_EXERCISE INSTRUCTIONS:_ What you return must be an exact copy of the lines in the listing below between the line holding "ADIDAS SPORTSWEAR Ohlapna" and the line holding "Building Photo - 765 NW 44th St", inclusive, and nothing more.

*** STORED DATA ***

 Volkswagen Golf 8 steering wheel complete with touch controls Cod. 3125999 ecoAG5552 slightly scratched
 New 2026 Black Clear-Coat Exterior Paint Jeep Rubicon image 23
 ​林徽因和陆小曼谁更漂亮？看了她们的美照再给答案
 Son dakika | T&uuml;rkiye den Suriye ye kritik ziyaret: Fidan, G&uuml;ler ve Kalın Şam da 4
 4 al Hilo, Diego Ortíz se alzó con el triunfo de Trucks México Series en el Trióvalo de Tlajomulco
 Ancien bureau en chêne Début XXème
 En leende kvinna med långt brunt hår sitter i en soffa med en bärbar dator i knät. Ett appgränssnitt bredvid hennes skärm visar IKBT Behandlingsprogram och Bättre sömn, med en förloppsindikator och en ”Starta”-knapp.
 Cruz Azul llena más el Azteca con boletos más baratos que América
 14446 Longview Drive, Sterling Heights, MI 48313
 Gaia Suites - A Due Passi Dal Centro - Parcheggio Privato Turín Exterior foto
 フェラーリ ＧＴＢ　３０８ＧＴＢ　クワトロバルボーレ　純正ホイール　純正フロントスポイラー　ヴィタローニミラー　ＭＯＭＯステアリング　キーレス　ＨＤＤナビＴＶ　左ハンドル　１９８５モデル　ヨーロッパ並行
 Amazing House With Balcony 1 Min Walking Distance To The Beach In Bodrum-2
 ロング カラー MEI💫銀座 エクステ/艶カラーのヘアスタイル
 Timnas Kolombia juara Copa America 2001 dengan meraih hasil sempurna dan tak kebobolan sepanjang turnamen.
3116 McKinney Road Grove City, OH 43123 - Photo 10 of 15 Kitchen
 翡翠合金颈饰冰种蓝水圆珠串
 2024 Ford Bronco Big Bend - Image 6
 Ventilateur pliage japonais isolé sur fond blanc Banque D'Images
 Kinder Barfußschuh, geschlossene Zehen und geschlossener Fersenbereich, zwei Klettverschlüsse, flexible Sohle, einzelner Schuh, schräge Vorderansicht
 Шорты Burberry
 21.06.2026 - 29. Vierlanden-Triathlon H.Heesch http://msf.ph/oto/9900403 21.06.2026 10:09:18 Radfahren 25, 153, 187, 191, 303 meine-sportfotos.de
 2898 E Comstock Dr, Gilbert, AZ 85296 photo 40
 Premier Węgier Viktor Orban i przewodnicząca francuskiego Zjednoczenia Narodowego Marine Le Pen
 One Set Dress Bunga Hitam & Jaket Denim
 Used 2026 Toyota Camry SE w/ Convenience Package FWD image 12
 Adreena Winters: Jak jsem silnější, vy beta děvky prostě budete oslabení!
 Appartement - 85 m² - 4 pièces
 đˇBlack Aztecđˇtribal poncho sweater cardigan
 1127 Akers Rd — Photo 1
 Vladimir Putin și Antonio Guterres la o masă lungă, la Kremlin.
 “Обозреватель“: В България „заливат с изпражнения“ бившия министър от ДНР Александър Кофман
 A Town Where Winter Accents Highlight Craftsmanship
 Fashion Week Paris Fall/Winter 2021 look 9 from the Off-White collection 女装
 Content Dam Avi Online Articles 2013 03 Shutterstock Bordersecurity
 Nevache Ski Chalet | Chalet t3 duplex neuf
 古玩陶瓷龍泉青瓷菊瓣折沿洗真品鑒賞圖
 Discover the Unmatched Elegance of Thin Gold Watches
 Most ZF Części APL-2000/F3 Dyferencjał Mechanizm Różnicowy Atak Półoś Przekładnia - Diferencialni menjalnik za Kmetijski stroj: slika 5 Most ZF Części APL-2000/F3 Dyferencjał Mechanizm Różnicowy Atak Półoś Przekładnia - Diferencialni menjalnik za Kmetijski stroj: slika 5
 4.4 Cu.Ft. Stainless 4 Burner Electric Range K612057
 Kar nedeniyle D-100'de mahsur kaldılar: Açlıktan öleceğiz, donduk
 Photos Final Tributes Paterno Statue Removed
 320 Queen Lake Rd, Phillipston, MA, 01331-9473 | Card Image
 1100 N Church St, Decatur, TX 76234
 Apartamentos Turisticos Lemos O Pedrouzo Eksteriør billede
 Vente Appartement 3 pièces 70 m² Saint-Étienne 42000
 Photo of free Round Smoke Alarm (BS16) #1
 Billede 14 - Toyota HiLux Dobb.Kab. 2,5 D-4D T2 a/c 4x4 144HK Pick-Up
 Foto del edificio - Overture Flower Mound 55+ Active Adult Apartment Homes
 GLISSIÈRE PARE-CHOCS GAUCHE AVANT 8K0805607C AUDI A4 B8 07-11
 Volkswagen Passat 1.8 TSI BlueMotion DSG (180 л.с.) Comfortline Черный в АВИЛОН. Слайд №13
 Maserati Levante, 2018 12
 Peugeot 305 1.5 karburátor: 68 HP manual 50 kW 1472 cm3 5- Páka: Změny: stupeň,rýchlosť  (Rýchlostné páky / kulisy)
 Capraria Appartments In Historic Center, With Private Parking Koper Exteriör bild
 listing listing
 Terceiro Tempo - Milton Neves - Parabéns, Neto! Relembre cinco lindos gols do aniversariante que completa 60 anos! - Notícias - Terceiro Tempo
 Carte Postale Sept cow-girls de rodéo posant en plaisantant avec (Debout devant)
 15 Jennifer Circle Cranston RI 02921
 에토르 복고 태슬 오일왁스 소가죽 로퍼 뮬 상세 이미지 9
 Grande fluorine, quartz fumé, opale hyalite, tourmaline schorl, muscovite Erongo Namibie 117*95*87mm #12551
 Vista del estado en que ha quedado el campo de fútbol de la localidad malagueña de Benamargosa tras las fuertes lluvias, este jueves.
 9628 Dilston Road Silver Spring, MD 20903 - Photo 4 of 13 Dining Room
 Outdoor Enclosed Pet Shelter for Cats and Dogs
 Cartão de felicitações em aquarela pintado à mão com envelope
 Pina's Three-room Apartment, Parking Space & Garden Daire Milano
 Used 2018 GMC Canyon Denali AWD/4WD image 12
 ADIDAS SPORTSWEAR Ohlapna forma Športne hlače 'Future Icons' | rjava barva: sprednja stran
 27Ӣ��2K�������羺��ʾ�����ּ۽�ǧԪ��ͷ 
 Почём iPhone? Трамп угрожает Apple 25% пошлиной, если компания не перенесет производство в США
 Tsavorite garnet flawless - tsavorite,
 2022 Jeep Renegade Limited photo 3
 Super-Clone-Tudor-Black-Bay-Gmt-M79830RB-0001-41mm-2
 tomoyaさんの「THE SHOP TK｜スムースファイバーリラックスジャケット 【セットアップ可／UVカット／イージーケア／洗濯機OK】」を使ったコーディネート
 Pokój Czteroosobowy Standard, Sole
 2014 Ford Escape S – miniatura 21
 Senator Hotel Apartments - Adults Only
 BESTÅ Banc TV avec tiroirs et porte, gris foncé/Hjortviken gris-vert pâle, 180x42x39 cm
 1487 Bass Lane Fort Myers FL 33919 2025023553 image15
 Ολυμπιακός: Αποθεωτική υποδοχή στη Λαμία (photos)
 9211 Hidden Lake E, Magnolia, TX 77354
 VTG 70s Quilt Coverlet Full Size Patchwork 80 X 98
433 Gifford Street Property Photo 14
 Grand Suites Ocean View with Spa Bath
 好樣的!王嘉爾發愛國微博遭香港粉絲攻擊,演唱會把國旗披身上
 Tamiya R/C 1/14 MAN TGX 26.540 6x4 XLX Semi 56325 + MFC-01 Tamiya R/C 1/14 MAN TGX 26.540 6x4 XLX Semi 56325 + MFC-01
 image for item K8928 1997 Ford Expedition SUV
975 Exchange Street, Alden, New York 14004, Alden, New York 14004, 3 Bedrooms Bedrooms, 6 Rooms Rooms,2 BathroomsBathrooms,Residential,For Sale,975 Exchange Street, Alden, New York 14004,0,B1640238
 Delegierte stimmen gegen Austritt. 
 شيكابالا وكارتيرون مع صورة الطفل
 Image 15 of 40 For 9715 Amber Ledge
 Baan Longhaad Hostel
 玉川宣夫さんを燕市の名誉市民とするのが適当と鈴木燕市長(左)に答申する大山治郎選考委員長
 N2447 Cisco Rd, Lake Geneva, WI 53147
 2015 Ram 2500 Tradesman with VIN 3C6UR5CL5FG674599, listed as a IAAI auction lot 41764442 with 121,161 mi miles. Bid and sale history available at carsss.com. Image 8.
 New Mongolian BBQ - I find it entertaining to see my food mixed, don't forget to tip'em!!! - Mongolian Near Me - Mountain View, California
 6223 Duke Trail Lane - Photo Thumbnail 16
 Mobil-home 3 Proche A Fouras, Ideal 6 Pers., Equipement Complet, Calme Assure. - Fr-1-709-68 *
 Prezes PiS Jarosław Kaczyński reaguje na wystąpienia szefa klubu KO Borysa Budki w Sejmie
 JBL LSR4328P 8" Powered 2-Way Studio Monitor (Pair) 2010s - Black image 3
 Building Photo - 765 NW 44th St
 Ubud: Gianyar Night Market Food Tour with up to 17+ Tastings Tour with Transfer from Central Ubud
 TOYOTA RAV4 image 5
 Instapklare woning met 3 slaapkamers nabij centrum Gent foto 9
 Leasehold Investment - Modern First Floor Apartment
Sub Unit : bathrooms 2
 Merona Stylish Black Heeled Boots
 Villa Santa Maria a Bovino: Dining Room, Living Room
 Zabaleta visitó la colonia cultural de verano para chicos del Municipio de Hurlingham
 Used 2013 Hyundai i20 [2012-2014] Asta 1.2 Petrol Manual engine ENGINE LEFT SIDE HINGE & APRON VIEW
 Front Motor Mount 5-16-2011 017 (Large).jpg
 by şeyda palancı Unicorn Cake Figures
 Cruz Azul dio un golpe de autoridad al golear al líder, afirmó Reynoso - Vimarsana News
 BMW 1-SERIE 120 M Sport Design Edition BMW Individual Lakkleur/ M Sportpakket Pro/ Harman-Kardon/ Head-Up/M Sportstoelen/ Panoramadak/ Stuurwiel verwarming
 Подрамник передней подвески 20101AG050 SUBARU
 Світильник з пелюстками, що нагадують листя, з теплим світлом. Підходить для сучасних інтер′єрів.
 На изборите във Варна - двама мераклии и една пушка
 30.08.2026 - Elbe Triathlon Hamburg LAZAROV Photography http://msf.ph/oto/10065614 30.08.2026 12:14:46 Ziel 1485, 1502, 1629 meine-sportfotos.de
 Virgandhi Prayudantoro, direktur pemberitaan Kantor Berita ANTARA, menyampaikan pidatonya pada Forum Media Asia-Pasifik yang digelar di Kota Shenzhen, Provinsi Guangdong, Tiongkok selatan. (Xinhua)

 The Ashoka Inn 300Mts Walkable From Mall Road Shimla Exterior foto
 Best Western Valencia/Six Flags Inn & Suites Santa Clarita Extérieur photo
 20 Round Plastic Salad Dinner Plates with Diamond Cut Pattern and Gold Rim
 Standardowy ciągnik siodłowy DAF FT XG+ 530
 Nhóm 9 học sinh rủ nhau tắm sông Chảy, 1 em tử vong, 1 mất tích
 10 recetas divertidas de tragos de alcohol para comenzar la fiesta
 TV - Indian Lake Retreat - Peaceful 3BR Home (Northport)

*** End of STORED DATA ***

_TASK ANSWER:_
 ADIDAS SPORTSWEAR Ohlapna forma Športne hlače 'Future Icons' | rjava barva: sprednja stran
 27Ӣ��2K�������羺��ʾ�����ּ۽�ǧԪ��ͷ 
 Почём iPhone? Трамп угрожает Apple 25% пошлиной, если компания не перенесет производство в США
 Tsavorite garnet flawless - tsavorite,
 2022 Jeep Renegade Limited photo 3
 Super-Clone-Tudor-Black-Bay-Gmt-M79830RB-0001-41mm-2
 tomoyaさんの「THE SHOP TK｜スムースファイバーリラックスジャケット 【セットアップ可／UVカット／イージーケア／洗濯機OK】」を使ったコーディネート
 Pokój Czteroosobowy Standard, Sole
 2014 Ford Escape S – miniatura 21
 Senator Hotel Apartments - Adults Only
 BESTÅ Banc TV avec tiroirs et porte, gris foncé/Hjortviken gris-vert pâle, 180x42x39 cm
 1487 Bass Lane Fort Myers FL 33919 2025023553 image15
 Ολυμπιακός: Αποθεωτική υποδοχή στη Λαμία (photos)
 9211 Hidden Lake E, Magnolia, TX 77354
 VTG 70s Quilt Coverlet Full Size Patchwork 80 X 98
433 Gifford Street Property Photo 14
 Grand Suites Ocean View with Spa Bath
 好樣的!王嘉爾發愛國微博遭香港粉絲攻擊,演唱會把國旗披身上
 Tamiya R/C 1/14 MAN TGX 26.540 6x4 XLX Semi 56325 + MFC-01 Tamiya R/C 1/14 MAN TGX 26.540 6x4 XLX Semi 56325 + MFC-01
 image for item K8928 1997 Ford Expedition SUV
975 Exchange Street, Alden, New York 14004, Alden, New York 14004, 3 Bedrooms Bedrooms, 6 Rooms Rooms,2 BathroomsBathrooms,Residential,For Sale,975 Exchange Street, Alden, New York 14004,0,B1640238
 Delegierte stimmen gegen Austritt. 
 شيكابالا وكارتيرون مع صورة الطفل
 Image 15 of 40 For 9715 Amber Ledge
 Baan Longhaad Hostel
 玉川宣夫さんを燕市の名誉市民とするのが適当と鈴木燕市長(左)に答申する大山治郎選考委員長
 N2447 Cisco Rd, Lake Geneva, WI 53147
 2015 Ram 2500 Tradesman with VIN 3C6UR5CL5FG674599, listed as a IAAI auction lot 41764442 with 121,161 mi miles. Bid and sale history available at carsss.com. Image 8.
 New Mongolian BBQ - I find it entertaining to see my food mixed, don't forget to tip'em!!! - Mongolian Near Me - Mountain View, California
 6223 Duke Trail Lane - Photo Thumbnail 16
 Mobil-home 3 Proche A Fouras, Ideal 6 Pers., Equipement Complet, Calme Assure. - Fr-1-709-68 *
 Prezes PiS Jarosław Kaczyński reaguje na wystąpienia szefa klubu KO Borysa Budki w Sejmie
 JBL LSR4328P 8" Powered 2-Way Studio Monitor (Pair) 2010s - Black image 3
 Building Photo - 765 NW 44th St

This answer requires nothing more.